ヘゲモニーと言う概念は不正確だが、これを「パワーをもたらす資源の保有で優位にあること」又は「他者に対してルールを設定する行動」や「自らが好む結果を得る力」とする、この曖昧さの故に、それはいつ始まっていつ終わったかを計測できない。が、もし、アメリカにそれらがあったとしたら、それはアメリカ経済が世界全体の概ね半分を占めていた1945年に始まり、世界シェアの4分の1に低下した1970年代までだったということになる。

経済力だけで見ればそうなる。

大英帝国が200年続いたのに、アメリカは未だ「唯一の超大国」になってから3分の1世紀だ。

アメリカの世紀は続くが、アメリカの主導力は現在のものとは違ってこよう。

大英帝国の世紀は産業革命から始まったとしよう。世界最大の工業国になったところからであろう。アメリカの世紀を仮に世界最大の経済国の期間だとすれば概ね20世紀だということになる。

世界銀行の一部の試算によれば、購買力平価ではGDPは中国がアメリカを抜いたという。しかし、世界の主導国家とは必ずしも経済力だけではない。

筆者は経済力だけでなく、軍事・ソフトパワーまで含めて、ジョセフ.S.ナイが言うところの「傑出Preeminence」「卓越性Primacy」を採りたい。

一国の手には余り、問題が多数存在して多国間で対応しなければならないようになっている。そして国家以外の主体、例えば国連・OPEC・ECB.IMF・OECDなどが持つ力が拡大することによって「アメリカの世紀」が続いていても、従前とは確かに違うという変化が起きていることは事実であろう。

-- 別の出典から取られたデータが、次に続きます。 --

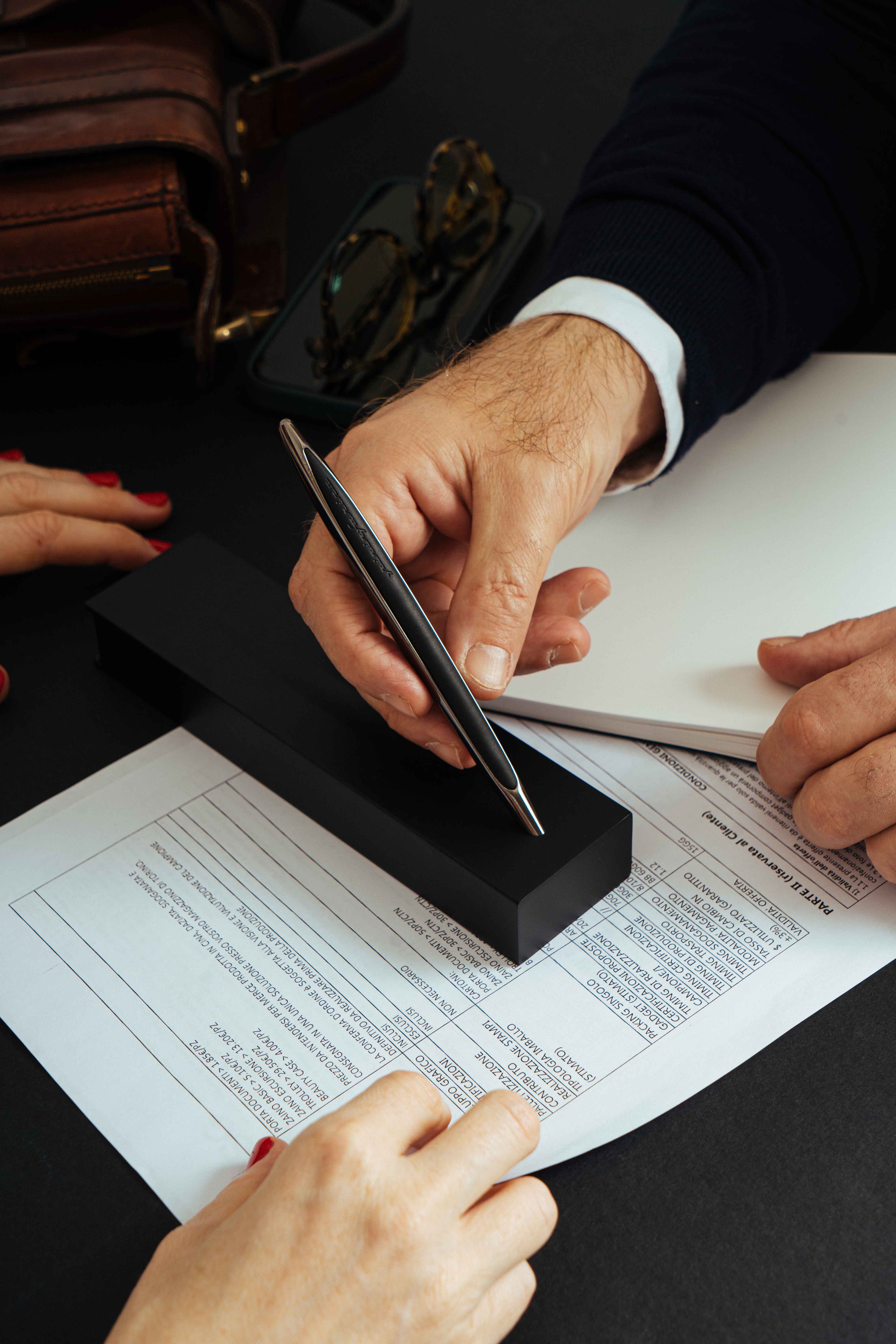 Вечная ручка Pininfarina Cambiano Black Edition-10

歴史家たちは一世紀ごとに、支配的な地位にある国の栄枯盛衰を見出そうとしてきた。世界を主導する国は百年間で交代するという説もある。

ベネチュアは貿易航路が変化して対外的な衰退を余儀なくされたが、文化的な発展は続いた。古代ローマは侵攻してくる新興勢力に敗れたのではなく、ローマより弱い諸部族からの長期的な圧力で経済的に衰退して国力が衰退した。ローマは自分たちより弱いはずの非定住型の諸部族から略奪される羽目に陥った。これがジョセフ.S.ナイが言うところである。

中国のGDPと軍事費がいずれは米国を抜くという予測がある。その時、米主導の世界秩序は崩壊するのか、という問いである。

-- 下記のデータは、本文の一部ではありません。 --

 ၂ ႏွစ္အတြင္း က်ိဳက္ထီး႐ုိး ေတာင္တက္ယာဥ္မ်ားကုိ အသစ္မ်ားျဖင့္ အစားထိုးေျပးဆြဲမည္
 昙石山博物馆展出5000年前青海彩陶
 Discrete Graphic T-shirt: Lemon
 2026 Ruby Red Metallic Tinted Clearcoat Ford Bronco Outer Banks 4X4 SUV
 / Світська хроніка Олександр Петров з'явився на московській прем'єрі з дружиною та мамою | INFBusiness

「世界秩序を米が一国で仕切ることは難しくなる、ただしアメリカの世紀は続く」、これがハーバード大学教授、リベラル派を代表する知識人ジョセフ.S.ナイも結論である。

欧州・日本・ロシア・インド・ブラジルを分析して単独で米国の「覇権」を脅かすことは不可能で、何カ国かで組んで米国を凌ぐ可能性も低い。

米国有利が揺るがないと考える根拠は経済力・軍事力だけでなく、第3のパワーたる「ソフトパワー」が国力を左右するという思想を筆者は支持してきた。(過去形で述べるのはトランプという破壊者が出てから後は別だ、という意味である)。トランプが出ても、例えば、アメリカには世界の学生や次世代を担う若者を留学に引き付ける文化がある。現に、中国共産党の子弟の多くがアメリカに留学している。

つまり、どの国よりも「求心力」を持っている。

原油と天然ガスでサウジアラビアを上回っていたソ連は世界全体の概ね半ばの核兵器を保有しアメリカより多くの兵員を擁し、プロパガンダは巧妙だった。

Next: アメリカの栄華は続く…そう結論付ける理由とは?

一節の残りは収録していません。